Berlatarkan tempat di wilayah Kamoro, Papua, Matahari Papua mengisahkan seorang pemuda bernama Biwar yang tumbuh dewasa, di bawah asuhan sang Mama, Yakomina. Ayahnya dan ketiga pamannya telah tewas terbunuh oleh sang Naga kala Biwar masih di kandungan. Kemudian Biwar tumbuh dalam didikan dukun Koreri. Saat mencari ikan, Biwar menolong Nadiva dari serangan tiga biawak, anak buah Naga, yang meneror Tanah Papua.
Biwar bercerita kepada Mamanya tentang pengalamannya. Tentang perjalanannya ke hulu Sungai, mencari ikan, menolong Nadiva dan mengalahkan 3 ekor biawak.
Sang mama kemudian menceritakan perihal kematian ayahnya dan sang Naga pembunuh. Lalu Biwar bertekad balas dendam, membunuh sang Naga. Membebaskan Papua dari cengkraman Naga. Apakah Biwar mampu?
Pentas kali ini menampilkan Tuti Hartati, Lutfi Ardiansyah, Joind Bayuwinanda, Netta Kusumah Dewi, Daisy Lantang, Bayu Dharmawan Saleh, Sir Ilham Jambak, Sri Qadariatin. Ada pula Zulfi Ramdoni, Angga Yasti, Rita Matumona, Dana Hassan, Adri Prasetyo, Andhini Puteri, Dodi Gustaman, Indrie Djati, Pandu Raka Pangestu, Hapsari Andira, Radhen Darwin, Edo Paha, dan masih banyak lagi aktor handal lainnya.
Matahari Papua disutradarai Rangga Riantiarno dan co-sutradara Nino Bukir, didukung oleh tata artistik dan multimedia Deden Jalaludin Bulqini, tata musik Fero A. Stefanus, tata rias Subarkah Hadisarjana, tata busana Rima Ananda Omar, tata rambut Sena Sukarya, tata cahaya Deray Setyadi, tata gerak Ratna Ully, tata suara Bona, pandu vokal Ajeng Destrian, rancang grafis Saut Irianto Manik, pimpinan produksi Rasapta Candrika dibantu oleh pengarah teknik Tinton Prianggoro serta manajer panggung Sari Madjid Prianggoro dan produser Ratna Riantiarno.
Pentas dengan tata artistik yang menarik dan visual yang mendukung latar cerita.
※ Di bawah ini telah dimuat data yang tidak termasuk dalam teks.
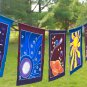 Celestial Sun Moon Star Planet Prayer Flag wall hanging String Bali Batik art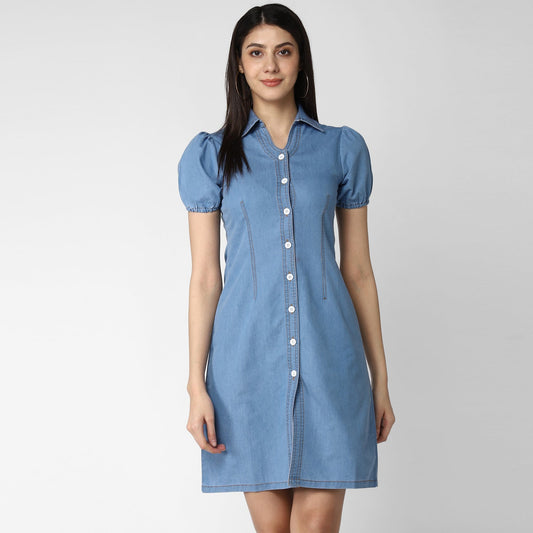 Women's Denim Dress with Puff Sleeves
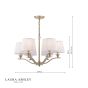 Laura Ashley Hemsley 6 Light Chandelier Matt Antique Brass With Shade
Apalagi tiap babak ditampilkan lagu-lagu dan dialog jenaka dari karakter-karakter yang dimainkan khas Teater Koma. Lantangan suara para pemainnya tanpa mikrofon kecuali saat menyanyi, menambah kekaguman penonton akan hasil latihan keras para aktor dan aktris Teater Koma berpentas. Walaupun juga banyak kalimat dan kata-kata yang diulang-ulang menimbulkan kebosanan.
Namun analogi sang Naga membuat tidak jelas dalam cerita, berseting waktu kapan kah, jaman pra sejarah, jaman sebelum kemerdekaan Indonesia atau kapan? Sebab dalam dialog juga terdengar kata-kata tentara dan orang-orang Barat. Tentu isu ketidakadilan menjadi hal yang disuarakan kekayaan Tanah Papua akan pertambangan minyak, gas, emas, nikel, batu bara dengan situasi ketidakadilan, kesenjangan ekonomi dan persoalan lainnya.
Sayangnya teriakan kapan Papua merdeka dalam dialog dan nyanyian menjadi terkesan provokatif. Walaupun kita tahu pasti yang dimaksud tentu Papua merdeka dari ketidakadilan, kemiskinan, kesenjangan dan lainnya, dengan harapan kesejahteraan bagi masyarakat Papua dapat terwujud.
Semoga harapan kebahagiaan bagi masyarakat Papua melalui pentas ini dapat terwujud dan Teater Koma yang berdiri dari tahun 1977 ini terus dapat berkarya dalam dunia seni pertunjukkan Indonesia tanpa kehilangan roh dan ciri khasnya walaupun telah ditiinggalkan oleh sang empu.